Peter pouted as the three boys snuck into the hospital wing to visit Remus. The previous day had been the full moon, and they wanted to tell him all about the exciting recent events that he’d missed.
Sirius pressed his hand over his mouth and nose as the smell grew worse. “If this gets any worse, I’m gonna hurl,” he announced to the others.
“That’s lovely,” James replied sarcastically, wrinkling his nose and pushing his glasses up farther.
As they approached the end of the ward, they could see Remus sleeping on the last bed; the same one he always used each month. However, as they drew closer, they discovered that the smell was stronger as well.
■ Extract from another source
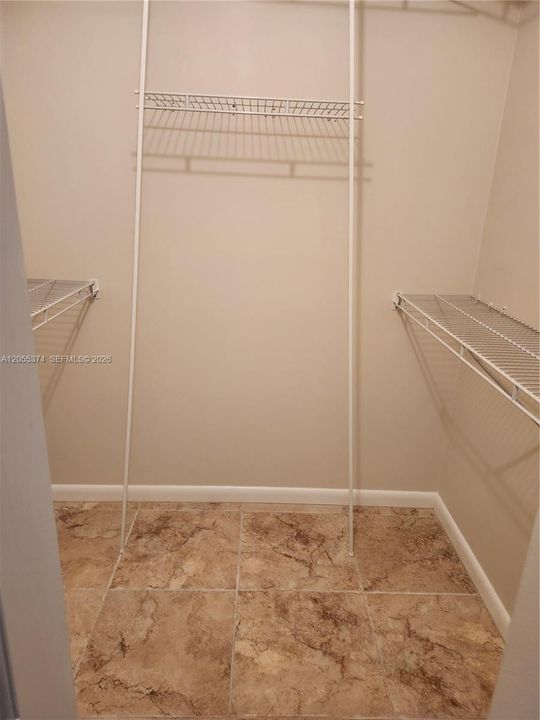 En Venta: $166,000 (1 camas, 1 baños, 870 Pies cuadrados)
Though Remus was asleep, his eyes were not closed completely, and it seemed like he was staring off into space. Dried tear stains ran down the side of his cheek bones. His mouth was halfway open, and they could see a mixture of dried blood and vomit around one side. There was blood smeared on the sheets and pillow, as well as the clothes that he wore. His diaphragm rose and fell in short, almost spastic movements as he breathed. His right arm was folded over his chest, his wrist held tightly between a pair of magical splints. There were long gashes running down his throat, and though they were healing quickly under the influence of Madam Pomfrey’s special ointments, they were still an angry dark shade in the gloom of the room.
The three boys stared open-mouthed at their friend for several moments.
“I suppose we shouldn’t wake him up, then?” Peter spoke quietly, trying to sound lighthearted, and not reveal the shock in his voice.
Before either of the other two could answer, though, the door to the infirmary opened, and Professor McGonagall and Madam Pomfrey entered the ward. There was no time to hide under the invisibility cloak, so James quickly stuffed it into his cloak.
“Oh my!” McGonagall exclaimed when she saw the boys. “What in the world—?”
“Is Remus going to be all right?” Sirius cut in, stepping forward.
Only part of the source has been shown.